In practice, for real world calibration, there is not much use of differential evolution to calibrate SABR as it is relatively simple to find a good initial guess.
Some people use Heston to fit one slice of a volatility surface. In this case, some parameters are clearly redundant. Still, I was wondering how it fared against SABR, which is always used to fit a slice. And what about Schobel-Zhu?
Aggregated error in fit per slice on 10 surfaces
With Heston, the calibration is actually slightly better with kappa=0, that is, without mean reversion, because the global optimization is easier and the mean reversion is fully redundant. It’s still quite remarkable that 3 parameters result in a fit as good as 5 parameters.
This is however not the case for Schobel-Zhu, where each “redundant parameter” seem to make a slight difference in the quality of calibration. kappa = 0 deteriorate a little bit the fit (the mean error is clearly higher), and theta near 0 (so calibrating 4 parameters) is also a little worse (although better than kappa = 0). Also interestingly, the five parameters Schobel-Zhu fit is slightly better than Heston, but not so when one reduce the number of free parameters.

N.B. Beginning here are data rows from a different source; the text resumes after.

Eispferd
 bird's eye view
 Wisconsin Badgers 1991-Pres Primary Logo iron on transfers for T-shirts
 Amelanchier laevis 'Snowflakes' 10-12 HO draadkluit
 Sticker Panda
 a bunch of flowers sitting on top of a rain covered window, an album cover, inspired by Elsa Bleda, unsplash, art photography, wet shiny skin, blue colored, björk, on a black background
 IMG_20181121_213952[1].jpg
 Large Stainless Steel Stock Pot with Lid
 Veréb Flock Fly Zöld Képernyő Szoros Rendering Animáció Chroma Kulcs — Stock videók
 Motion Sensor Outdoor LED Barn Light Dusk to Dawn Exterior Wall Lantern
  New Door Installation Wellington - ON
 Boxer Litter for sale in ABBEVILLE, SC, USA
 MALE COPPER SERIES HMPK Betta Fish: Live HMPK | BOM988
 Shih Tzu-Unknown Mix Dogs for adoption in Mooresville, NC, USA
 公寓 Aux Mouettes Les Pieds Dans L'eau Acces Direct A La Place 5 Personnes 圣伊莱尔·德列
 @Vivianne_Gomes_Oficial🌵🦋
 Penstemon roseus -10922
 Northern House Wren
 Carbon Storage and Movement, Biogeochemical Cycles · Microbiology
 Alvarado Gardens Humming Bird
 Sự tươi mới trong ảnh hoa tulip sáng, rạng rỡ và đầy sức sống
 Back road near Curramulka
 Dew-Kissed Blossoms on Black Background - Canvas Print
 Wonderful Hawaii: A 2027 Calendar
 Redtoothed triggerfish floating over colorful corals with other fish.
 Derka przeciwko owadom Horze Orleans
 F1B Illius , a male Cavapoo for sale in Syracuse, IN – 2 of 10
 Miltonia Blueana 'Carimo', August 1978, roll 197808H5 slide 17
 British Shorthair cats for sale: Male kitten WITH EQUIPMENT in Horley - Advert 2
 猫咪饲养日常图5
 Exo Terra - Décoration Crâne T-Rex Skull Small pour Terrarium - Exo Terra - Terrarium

So what about Heston vs SABR. It is interesting to consider the case of general Beta and Beta=1: it turns out that as confirmed for equities, beta=1 is actually a better choice.
Aggregated error in fit per slice on 10 surfaces
Overall on my 10 surfaces composed each of around 10 slices, an admittedly small sample, Heston (without mean-reversion) fit is a little bit better than SABR. Also the SVI-SABR idea from Gatheral is not great: the fit is clearly worse than SABR with Beta=1 and even worse than a simple quadratic.
Of course the best overall fit is achieved with the classic SVI, because it has 6 parameters while the others have only 3.
All the calibrations so far were done slice by slice independently, using levenberg marquardt on an initial guess found by differential evolution. Some people advocate for speed or stability of parameters reasons the idea of calibrating each slice using the previous slice as initial guess with a local optimizer like levenberg marquardt, in a bootstrapping fashion.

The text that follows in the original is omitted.